Sunday, April 13, 2008

Green Pastor

Future Pastor, beware of the New Morality as you lead toward the Church of the Future. You will recognize it because it has some of the same characteristics of the morality as The Church As We Know It. The “Green Movement” has taken us by storm. Many point to An Inconvenient Truth as the tipping point for the gale of environmental concern, but its origin is not as important to grasp as is its spirit. I’m old enough to remember the long gas lines in the seventies and the Ecology Now stickers we put on our school notebooks. We were taught to conserve and pick up litter along the side of the roads. We were given slogans like, “Don’t mess with Texas” and “Don’t lay that trash on Oklahoma.” Cars were being built small and more fuel efficient as to get 40 to 50 MPG. So the Al Gore thing is not new to me. Neither is the judgment that is easily passed on today by well meaning proponents of a better environment.

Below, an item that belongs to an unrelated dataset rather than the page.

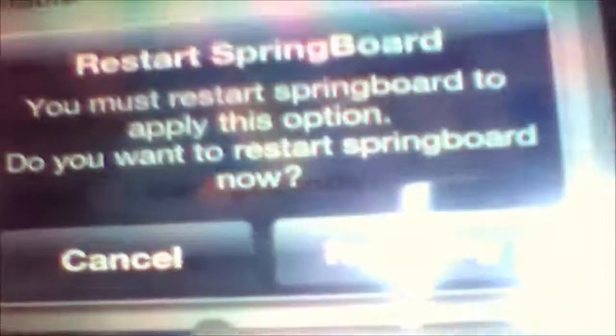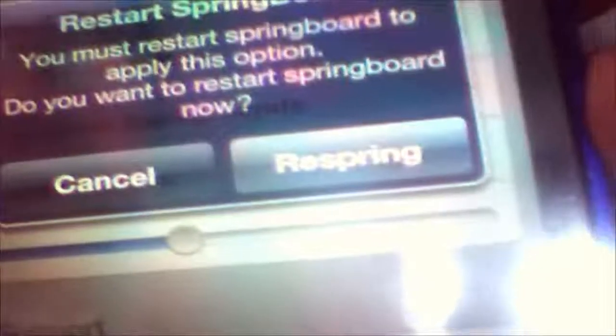Once you save it, you will get a prompt to restart your springboard. You just select restart springboard.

Not using squiggly light bulbs feels a lot like not having a Quiet Time. The choice to serve coffee in Styrofoam instead of paper can elicit a response similar to not going to church on a regular basis. We will always get this kind of feeling whenever a movement is based in fear and not in love. Remember that we preserve the earth because we love the earth, not because we are afraid it will burn up. We seek renewable energy because we love the next generation and hope to leave it with a better prospect for its future. Fear won’t lead us very far. What happens when you aren’t afraid anymore? Fear got us the Ford Fiesta and the Chevy Chevette, but we once we got over the fear of no more gasoline, we returned to our ways in a few years and got back to the big machines like the Hummer H3. I have squiggly light bulbs in every socket in my house. I recycle glass and aluminum. I compost. I try to consume less and conserve more. But I want to do so in a spirit of abundance and not shame. I don’t shake my finger at the person in the store buying a pack of incandescent bulbs. The Church As We Know It gave us that kind of evangelism. It was more concerned about staying out of hell than it was in living an abundant life. The environmental movement runs the risk of being guilty of the same thing. We can do better.